The Cabinet Room, London · Simon Difford · 2008

Tiki Max

A maximalist two-rum, six-modifier tiki build finished with a floated rum cap — credited to Simon Difford at his own London bar in 2008.

Tiki Max cocktail
Rum Shaken Maximalist Tiki

The Tiki Max is a deliberately maxed-out tiki build: two rums, an orange liqueur, an apricot liqueur, orgeat, three juices, and a dash of bitters, all shaken together and capped with a floated rum. Difford's Guide credits it to Simon Difford, made in 2008 at the Cabinet Room — the bespoke bar in his own London home — and that page is the only place we could find the drink documented at all; no independent cocktail-history source, book, or bar menu corroborates the date or setting. The attribution is specific rather than invented, and it fits a pattern of other named cocktails (Strawberry Blonde, London Cosmopolitan, Biggles Sidecar) traced to the same bar and year, but it remains a single-source record. It has since climbed into Difford's own Top 100 Tiki/Tropical directory, and the site's own tasting note more or less admits the recipe shouldn't work as well as it does.

This drink breaks the golden rule — simple is beautiful. However, it's tasty and packs a punch.

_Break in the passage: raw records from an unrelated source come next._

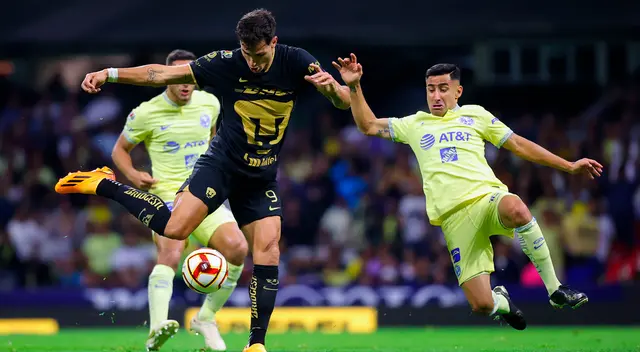 Pumas y América se enfrentan por la Liga MX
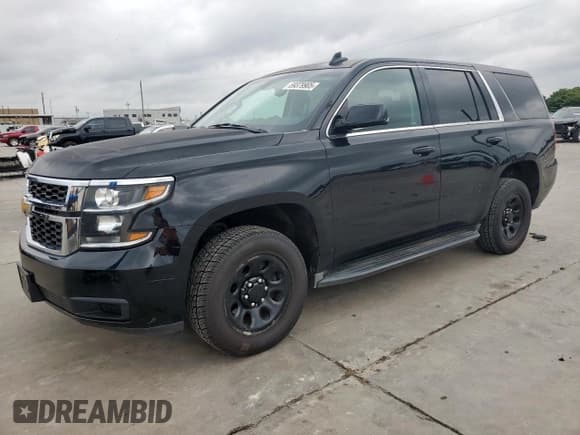✅ 2016 Chevrolet Tahoe Commercial • VIN: 1GNLCDEC2GR250688 • Lot: 59379905. Listed on Copart with 195,013 mi. Free auction sales archive from the USA and detailed vehicle history report at DreamBid. Image 1.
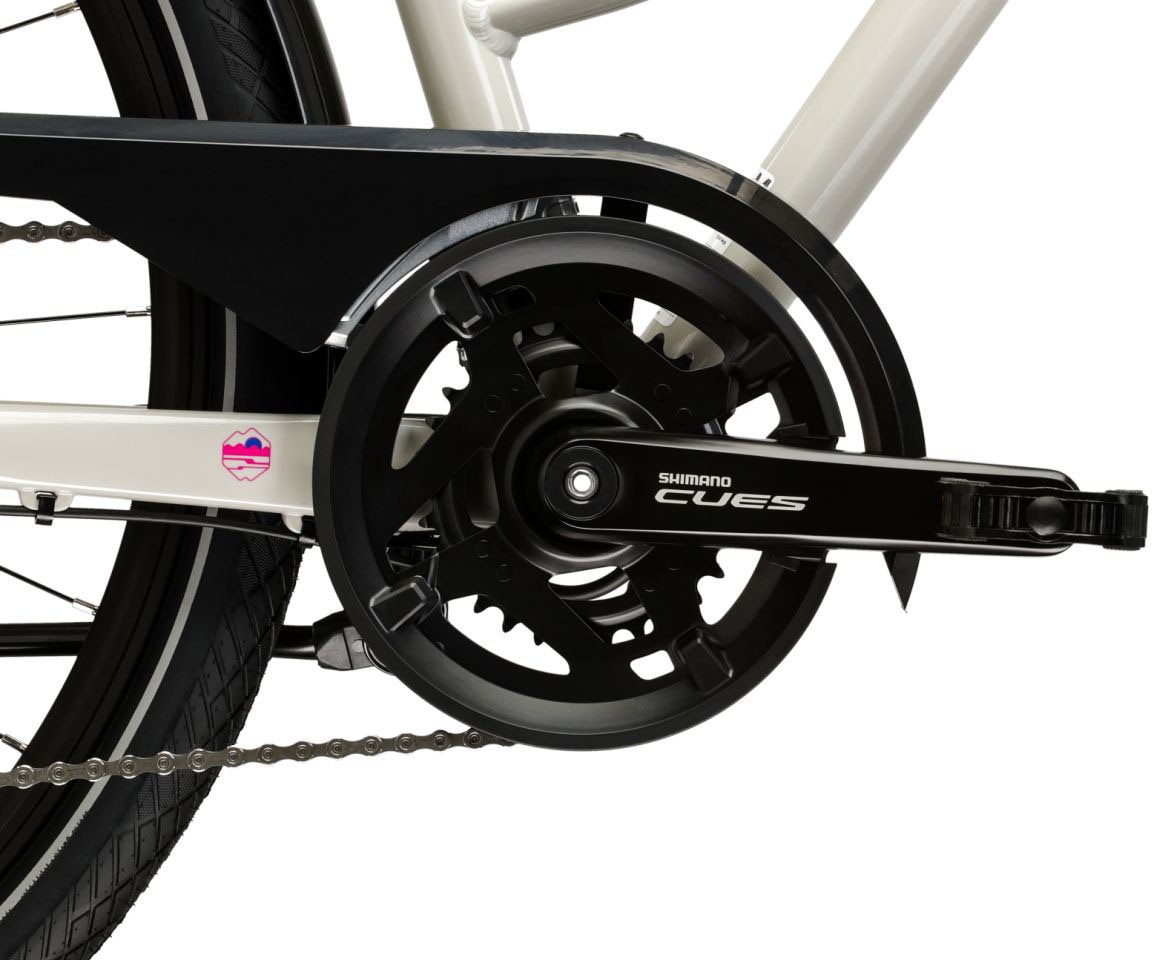 Kross Trekkingrad »Damen-Trekkingrad 28" Trans 5.0 Grau 18 Gänge« 18 Gang Shimano CUES U3020 Schaltwerk Kettenschaltung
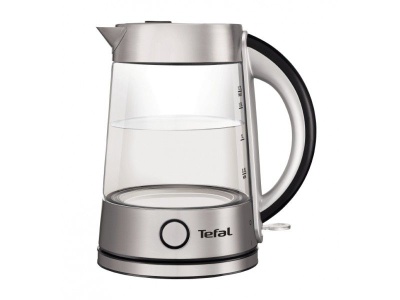 Чайник электрический Tefal KI760D30 1.7л. 2400Вт серебристый (корпус: стекло)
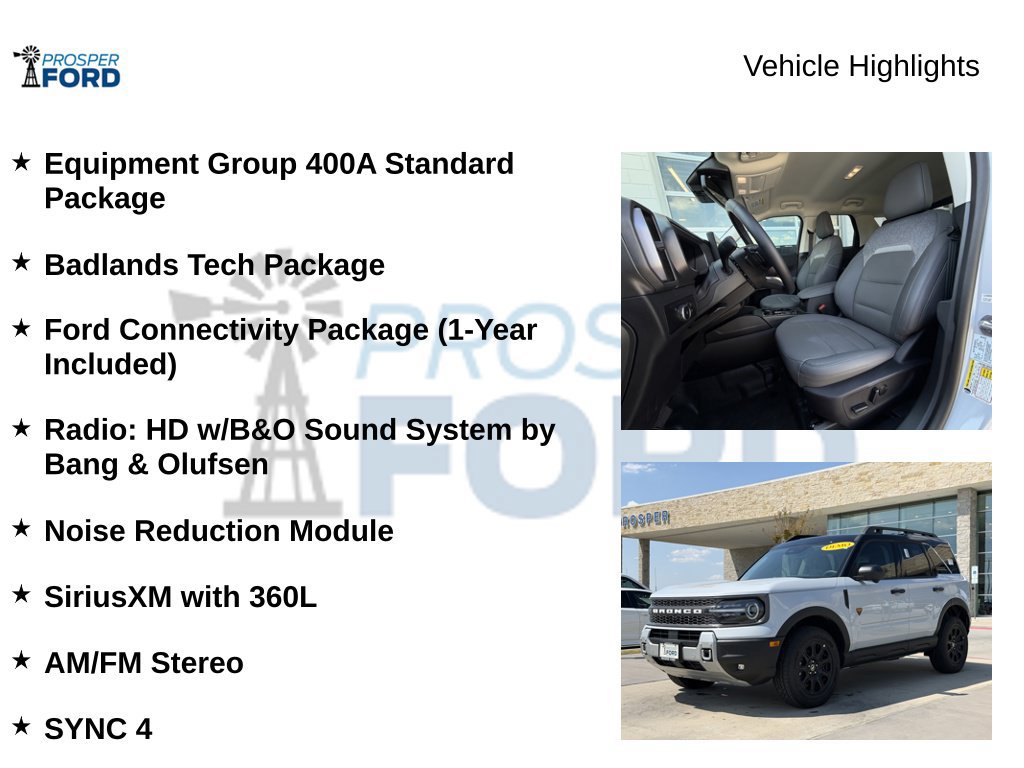 New 2026 Ford Bronco Sport Badlands w/ Badlands Tech Package AWD/4WD image 8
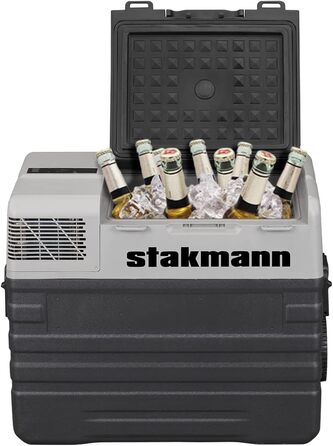 Переносний холодильник з компресором, 12 В, 220 В, холодильна камера на колесах, AC-DC 12/24 В, ідеально підходить для автомобіля,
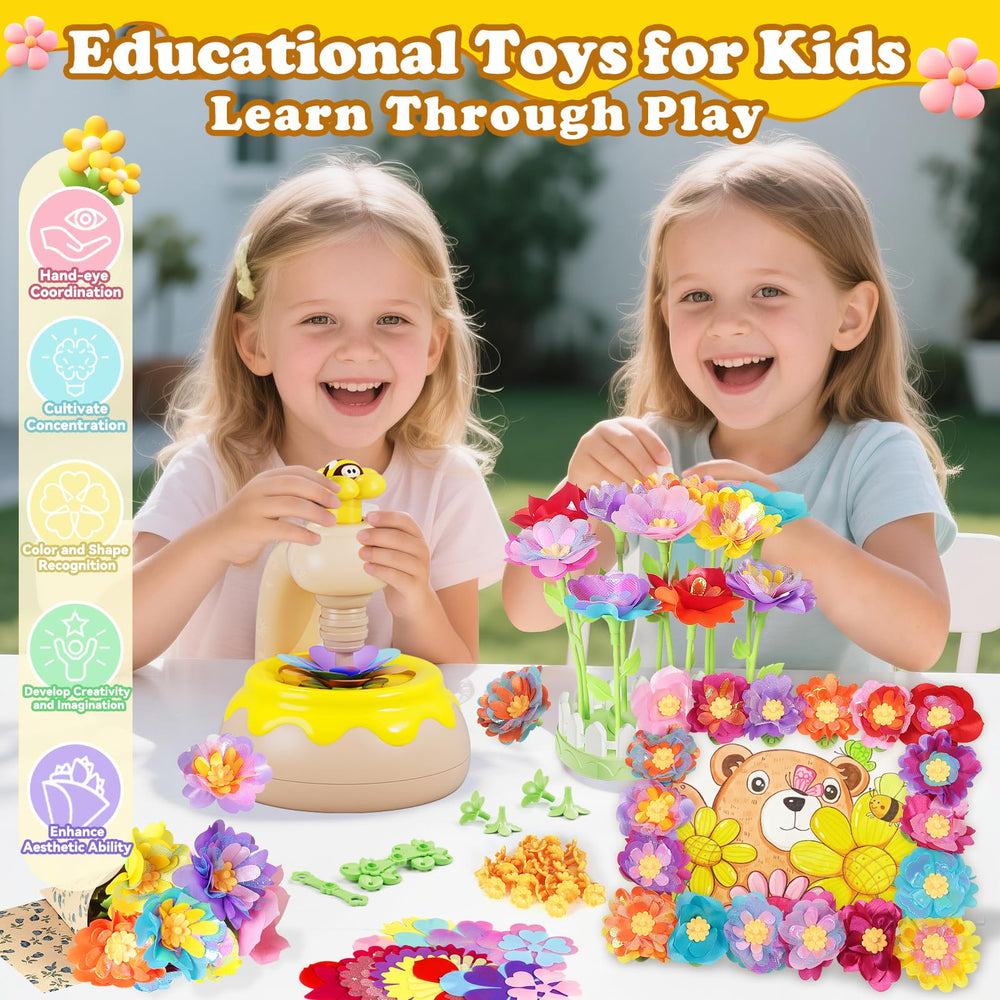 LC eterna colorful petal pieces spread out for imaginative flower crafting.
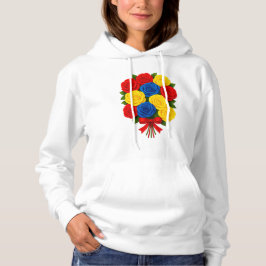 Camiseta Roses Bouquet Women's Hooded Sweatshirt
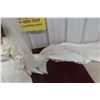 Image 9 : Princess Dianna Porcelain Bride Doll With Stand and Long Train, Measuring 19 in. Tall.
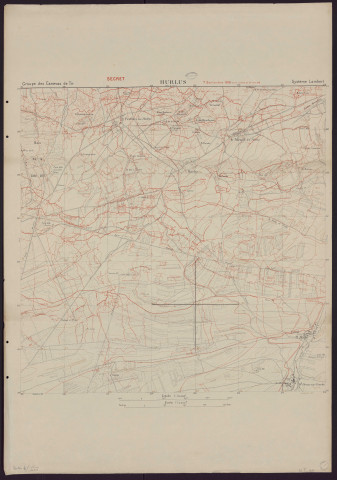 Hurlus.
Service géographique de l'Armée].1918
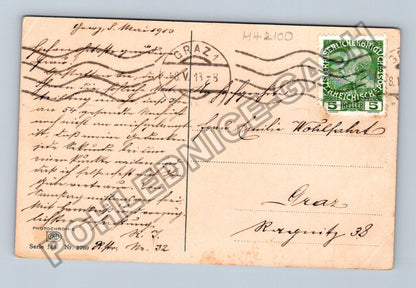 Pohlednice Rakousko Graz kvetoucí šeřík 1913 (M42100)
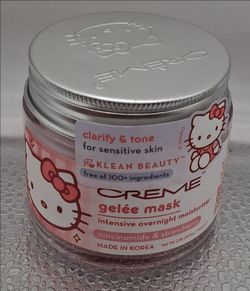 Hello Kitty Crème Gelée Overnight Moisturizer – Niacinamide + Strawberry
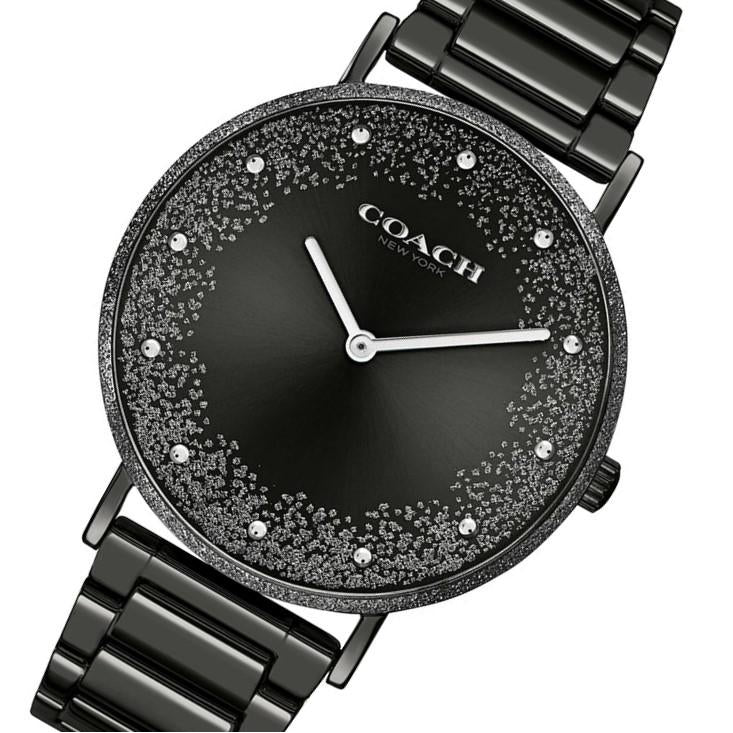 Coach Perry Plated Black Steel Women's Watch - 14503636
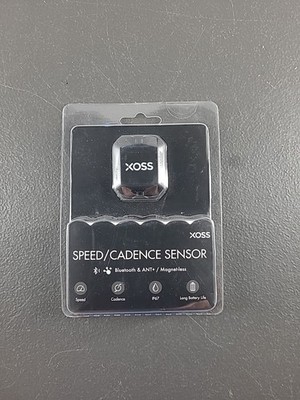 Xoss Speed Cadence Sensor Bluetooth & ANT+ Magnet-less Cycling IP67 Black Sealed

Difford's Guide tasting note

A Named Creator, One Source

Simon Difford is a real, well-documented bartender and author — the Cabinet Room is the working bar built into his own living room, and it's shown up as the birthplace for several of his other named recipes from the same period. That gives the Tiki Max's attribution more specificity than most uncredited tiki drinks get. What it doesn't have is any confirmation outside Difford's own guide: no third-party cocktail history, competing bar's menu, or published book mentions it, so treat the 2008 date and the Cabinet Room setting as Difford's own record rather than independently verified history.

What isn't in question is the recipe itself, which reads like an inventory of the tiki modifier shelf rather than a restrained build — a trait the name leans into.

The Spec

Nine ingredients go into the shaker, and a tenth — more navy rum — gets floated on top after straining over crushed ice. At roughly seven ounces of total liquid before ice, it's built to be a long, slow, cracked-ice sipper rather than a short shaken cocktail.

Tiki Max
Navy rum1 oz · ~14% Light white rum1 oz · ~14% Grand Marnier1/2 oz · ~7% Apricot liqueur1/2 oz · ~7% Orgeat3/4 oz · ~10% Lime juice3/4 oz · ~10% Pineapple juice1 1/2 oz · ~21% Orange juice1/2 oz · ~7% Angostura bitters6 dashes · ~3% Navy rum (float)1/2 oz · ~7%

Two rums, two different jobs

The 54.5% navy-strength rum is the drink's backbone and its finishing float; the charcoal-filtered light white rum adds body and a little aged roundness without competing for attention. Swap in a single rum for both and the drink gets simpler and flatter — the contrast is the point.

Two modifiers, not one

Most tiki sours lean on a single orange liqueur. This one splits the same half-ounce slot between Grand Marnier and an apricot liqueur, layering stone-fruit sweetness under the orange brightness before the orgeat adds its nutty weight. It's exactly the kind of ingredient stacking the site's own tasting note calls out.

The float isn't a garnish gesture

Floating the second measure of navy rum on top means it's the first thing that hits the nose and the front of the tongue on every sip, keeping the overproof rum present even after it's been diluted into a nine-ingredient shake and poured over crushed ice.

Bottom Line

No lost recipe, no invented backstory — just a named bartender's own maximalist tiki build, honestly sourced to one place, that earns its name by ignoring the usual rule that simple is beautiful.